In those years, at the height of the postmodern season, figurative painting regained a central place in the artistic debate, reinterpreting in a contemporary key — as happened in other fields such as cinema and literature — the great classical genres of tradition: portrait, still life, and landscape. New momentum came through collective experiences like the Officina milanese, a movement that gathered some of the most attentive painters of the time around a shared reflection on landscape as a form of visual and symbolic identity.
Travelogues belongs to this line of research, with curator Alessandro Riva as one of its main critical voices. His commitment to this area is evidenced by numerous exhibitions from those years exploring the relationship between traditional genres and contemporary experimentation — notably Sui generis – Redefining genre in new italian art, held at the PAC in Milan in 2000, which focused on the transformation and overcoming of classical genres in contemporary painting.
Twenty years later, this new exhibition offers an updated reflection on the theme of travel and the role of landscape — real, mental, and symbolic — in the work of twelve Italian artists, at a time when the very idea of landscape seems to have dissolved.
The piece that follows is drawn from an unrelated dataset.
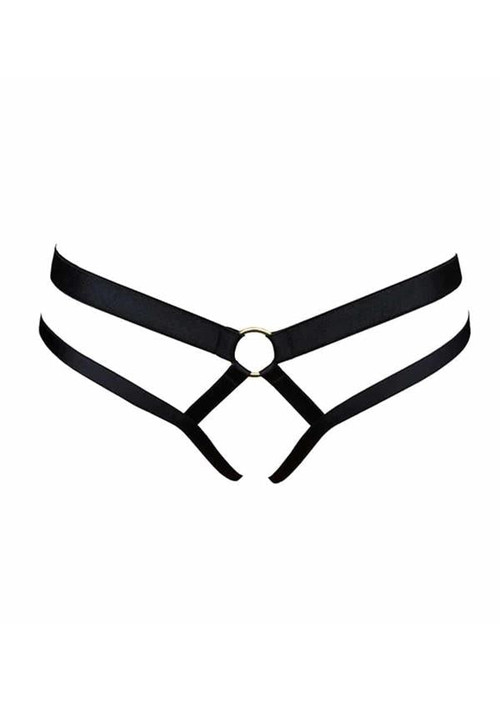 Crotchless Sexy Harness String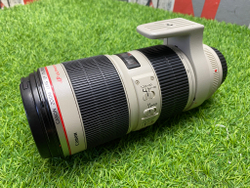 Canon EF 70-200mm 2.8L IS II USM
In recent decades, landscape — understood as a physical and cultural space imbued with form, memory, and identity — has undergone a profound transformation, almost to the point of vanishing. Widespread urbanization, the blurring of boundaries between city and countryside, and the proliferation of anonymous, utilitarian structures have created a hybrid, indistinct territory. Alongside this concrete change has come a perceptual dematerialization: landscape is no longer experienced as a direct and continuous encounter, but as a fragmented stream of images, filtered through screens and digital devices.
In this scenario, painting assumes a role of resistance and symbolic reconstruction. The artists on display reimagine landscape not as a mere representation of reality, but as a mental, emotional, and cultural space — an interior diary to be rebuilt through memory, imagination, and observation.
From Marco Petrus’ geometric, stylized Milan to the timeless, suspended mountains of Velasco Vitali and Alessandro Busci; from the “supernature” of Massimiliano Alioto, where natural and artificial elements merge in an organic and disquieting vision, to the great cities reinterpreted with the measured, luminous gaze of Aldo Damioli’s neo-vedutism; from the rarefied, almost informal countryside and seascapes of Giovanni Frangi and Alessandro Papetti, to Enrico Lombardi’s metaphysical, primal landscapes; from Luca Pignatelli’s views suspended between modernity and archaism, to Bernardo Siciliano’s vertiginous New York, and Andrea Zucchi’s intimate, exotic inner journeys — for all of them, landscape becomes a complex place of observation and projection, geography and memory, reality and constructed vision.
The exhibition’s only sculptor, Paolo Cassarà, turns his gaze not to the external landscape, but to one interiorized in the bodies and gazes of his contemporary female travelers: restless, hurried, and slightly neurotic figures moving through both physical and mental spaces with the same frenzied tension that defines our times.
Travelogues. Diari di viaggio thus offers an itinerary of visions, memories, and layered narratives, where travel is not merely physical displacement but a true exercise of vision. It is a tribute to painting as an act of resistance, and to its enduring capacity to evoke a possible geography of meaning.